SDD1: “I have to go poopie. I want you to watch me!” (Really? Watch? I can’t participate? Like a well-oiled machine, the poop monster rears its head between 5:35 and 5:50 daily. Take that last sentence however you want. One day, I’m going to shove a cork in him and send him back to bed.)

The other sleep deprivation techniques aren’t that bad, but the poopie one kills me. I usually can’t go back to sleep afterwards. It’s that last hour of sleep that’s so coveted, so precious, so delicious…and I can’t have it. The dogs wake up from the toilet flush. Worm is hungry from the early morning ‘effort’. And we are pretty much forced to get out of bed before 6. I’m dying from this lack of sleep…I feel it in my bones…

They've taken over my eating schedule, and now my sleeping schedule!  Argh!

They’ve taken over my eating schedule, and now my sleeping schedule! Argh!

Gavin – 37; Honeydaddy – 21 (You already eat my food. Now you take away my sleep. How else will you torment me?)

Holy crap, that last post was a rant and rave session! This one’s different, I promise. Plus, I’ve had over 3 weeks to blow off that steam!

I love the fall season. It’s my favorite time of year. The weather gets a bit crisp, like a ripe apple! It’s relaxing and enjoyable to welcome the changing seasons, but really only when you don’t have small children running and screaming through the moment. I have children, so I can’t just sit out on the back patio for hours and breathe in a cool old fashioned while watching (or imagining, as we do here in San Diego) leaves fall from the trees. Because as soon as my cocktail holding derriere hit the patio furniture, Mushie would already be trouncing through the yard picking, stomping, (or heaven forbid, tasting) dog poopies. (I swear she’s convinced they’re truffles…I digress.)

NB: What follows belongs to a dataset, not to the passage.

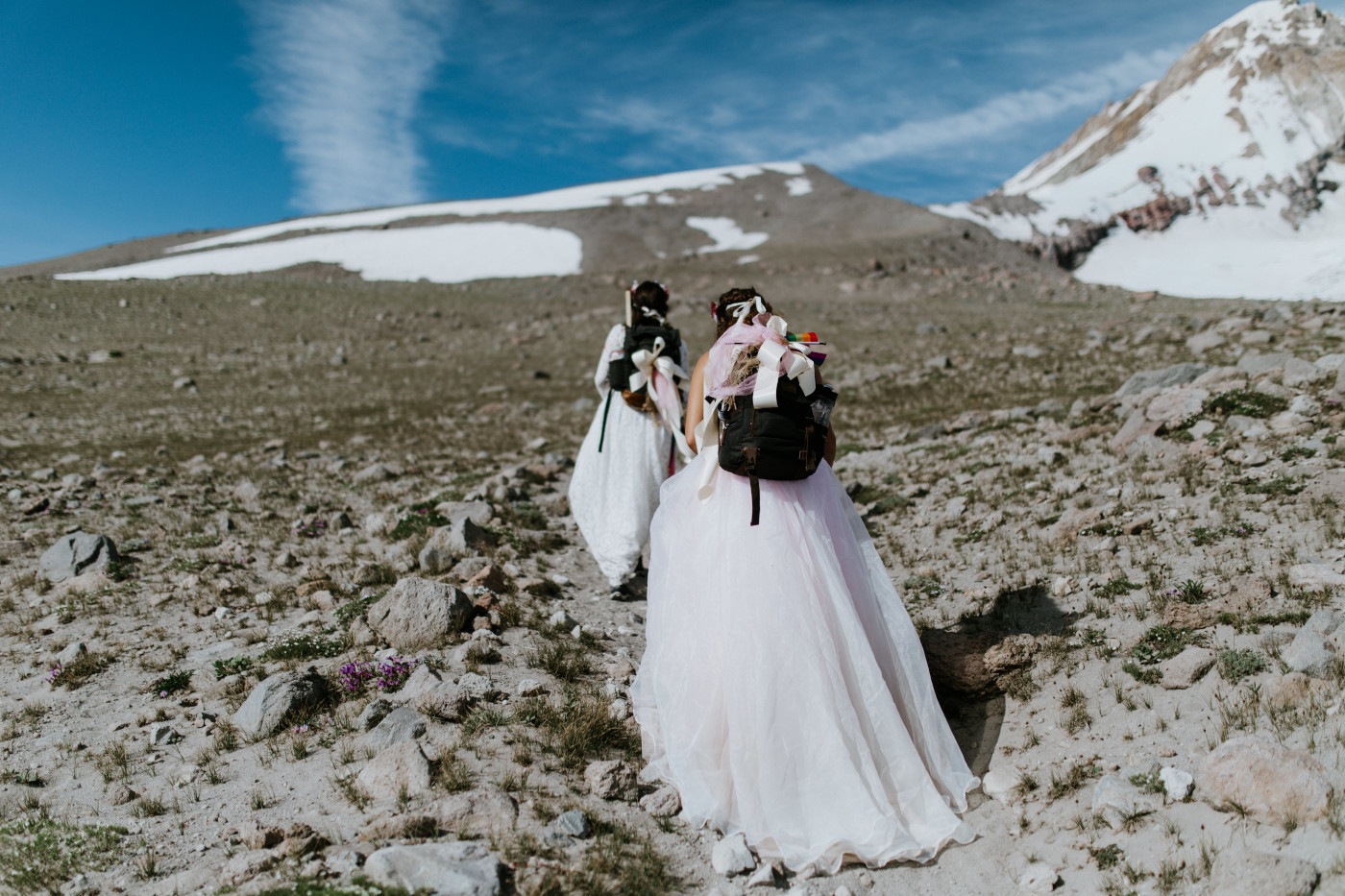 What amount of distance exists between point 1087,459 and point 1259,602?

Sorry, back to the apples. We wanted to return to the Raven Hill apple orchard in Julian, CA that we had first visited way back in 2012. (We missed the apple orchards last year due to a complication called a 9-month old baby.)  After perusing the old internet this year, we learned that Raven Hill didn’t exist anymore. But in exactly the same place, there was an orchard called Volcan Valley Apple Farm.  (I know. I know. First our favorite orchard was on a hill…now, it’s in a valley…it’s all about perspective, I guess.) We punched the location into the GPS and early Saturday morning, we headed for the hills, er, valley.

Three things I learned while making the one hour and nineteen minute trip on the winding roads up to Julian, California:

  1. An hour in the car with small children can feel like three.
  2. Having two people in the car with motion sickness is worse than one. (Worm inherited this from his mother.)
  3. It wouldn’t be a normal weekend unless someone is crying inconsolably.

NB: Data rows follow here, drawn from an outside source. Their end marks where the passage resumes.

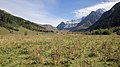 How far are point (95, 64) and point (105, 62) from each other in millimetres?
1147

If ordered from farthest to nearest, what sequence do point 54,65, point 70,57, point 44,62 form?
point 70,57, point 44,62, point 54,65

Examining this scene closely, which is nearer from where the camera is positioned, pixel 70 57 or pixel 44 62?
pixel 44 62

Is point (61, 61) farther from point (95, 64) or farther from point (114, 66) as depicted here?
point (114, 66)

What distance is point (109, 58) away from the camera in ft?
57.8

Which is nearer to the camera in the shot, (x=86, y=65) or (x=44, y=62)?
(x=86, y=65)

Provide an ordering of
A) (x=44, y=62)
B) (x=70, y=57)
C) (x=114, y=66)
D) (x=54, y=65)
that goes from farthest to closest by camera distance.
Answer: (x=70, y=57) < (x=44, y=62) < (x=54, y=65) < (x=114, y=66)

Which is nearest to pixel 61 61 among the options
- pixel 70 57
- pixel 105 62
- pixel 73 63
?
pixel 73 63

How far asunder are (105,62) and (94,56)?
3.09 m

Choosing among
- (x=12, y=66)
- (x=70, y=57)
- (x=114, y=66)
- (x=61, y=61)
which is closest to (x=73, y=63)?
(x=61, y=61)

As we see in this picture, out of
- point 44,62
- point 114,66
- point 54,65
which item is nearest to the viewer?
point 114,66

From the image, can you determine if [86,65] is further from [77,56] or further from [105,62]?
[77,56]

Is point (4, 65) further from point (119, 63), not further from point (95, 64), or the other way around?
point (119, 63)

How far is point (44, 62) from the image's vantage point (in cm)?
1722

Once we arrived at our destination (and the altitude induced hypoxia kicked in), the smiles and laughter began. Worm and mommy got the color back in their faces and the woozy out of their legs. We walked the rows of tasty apples and hauled in three bags worth of the delicious (not to be confused with the genetically modified and tasteless red delicious) apples! Lucky for us, we showed up early in the season. The recent southern California droughts had left some orchards fruitless.

The day was turning out better than it had started, which is never a bad thing…and all without a flask of hard alcohol! I can’t say that it was the finest trip I’ve ever taken with the family, but it was memorable. Just like the landscape, our orchard experience this year had its ups and downs. But, the highest part was that my camera captured a really touching moment of the kids that is probably my finest work to date. I found it absolutely breathtaking (though, it didn’t quite make up for all of the crying and whining that day…).

This image speaks volumes more than my captions ever could.

This image speaks volumes more than my captions ever could.

Gavin – 36; Honeydaddy – 21 (In the muck and mire of day-to-day parenting, I know I forget to open my eyes and experience the present moment. You and your sister are doing your best to keep reminding me to do so. Please don’t give up on me.)